◆ **Requirement**: Write out again, word for word, the lines below from the line that holds "Fényérzékeny, nanoméretű bioanyaggal" through the line that holds "Brasil mantém vigilância", omitting pictures.

───── Dataset entries

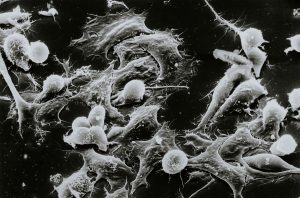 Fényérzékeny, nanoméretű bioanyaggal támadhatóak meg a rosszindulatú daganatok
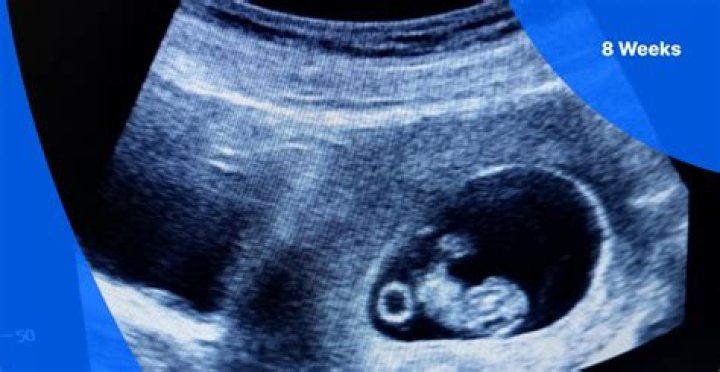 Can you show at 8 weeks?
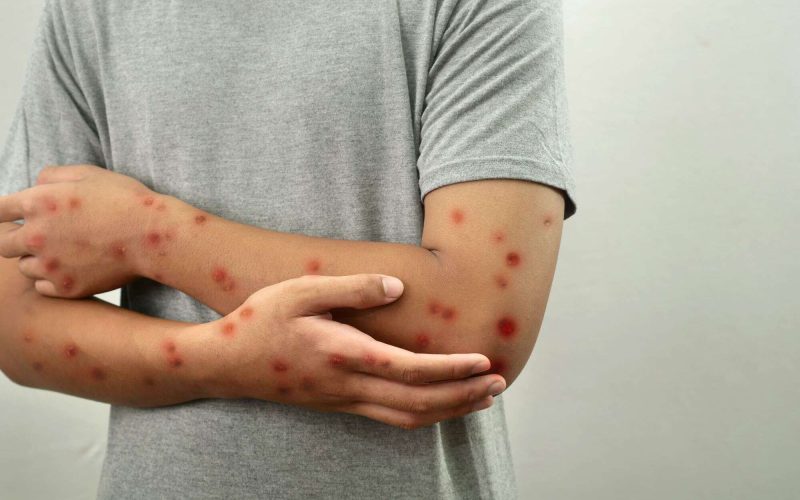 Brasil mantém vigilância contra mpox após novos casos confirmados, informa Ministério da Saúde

──────────
───── Dataset entries

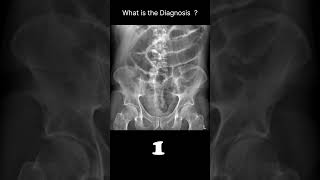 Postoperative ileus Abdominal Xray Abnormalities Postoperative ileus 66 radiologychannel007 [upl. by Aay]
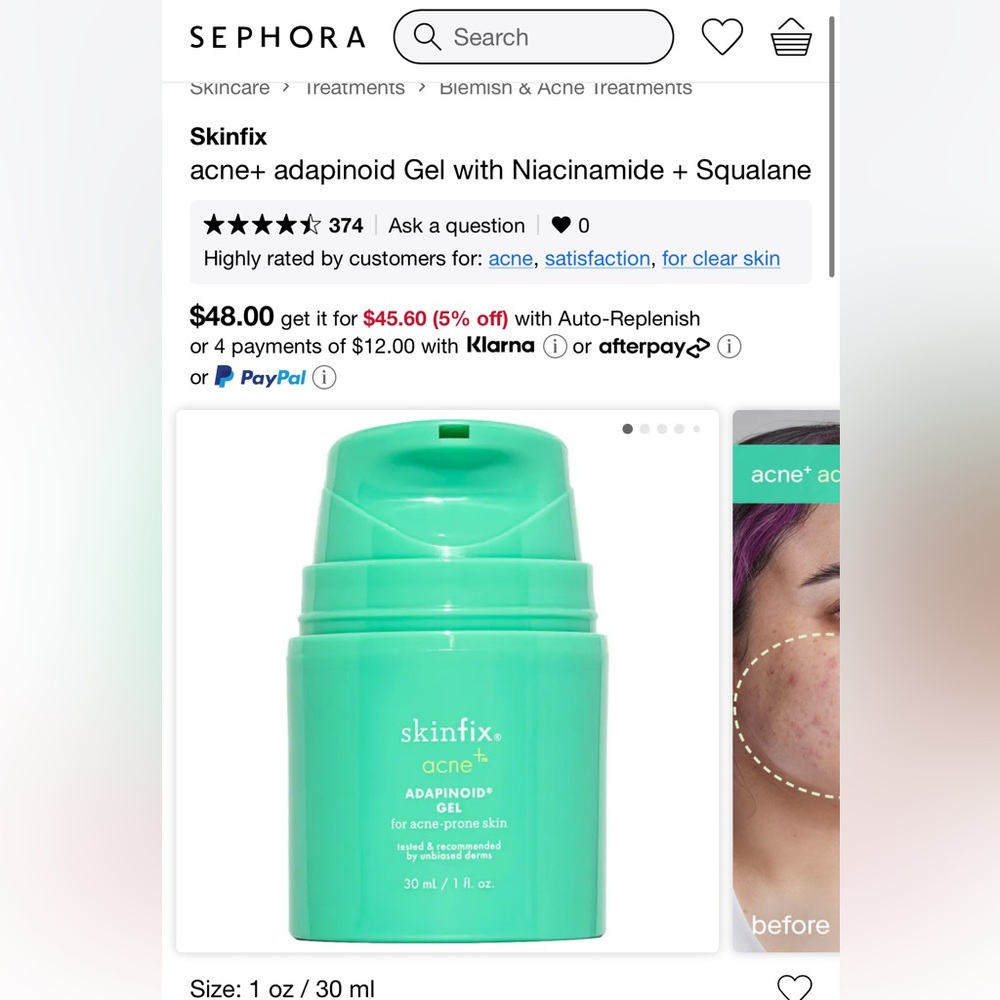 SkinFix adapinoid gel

──────────
───── Dataset entries

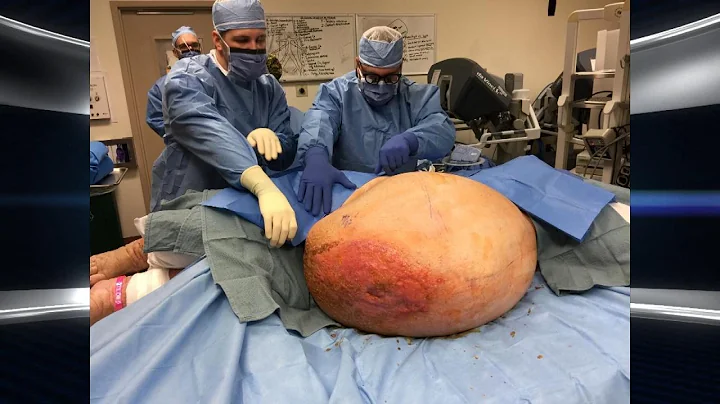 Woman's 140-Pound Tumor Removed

──────────

◆ **Answer to the problem**:
 Fényérzékeny, nanoméretű bioanyaggal támadhatóak meg a rosszindulatú daganatok
 Can you show at 8 weeks?
 Brasil mantém vigilância contra mpox após novos casos confirmados, informa Ministério da Saúde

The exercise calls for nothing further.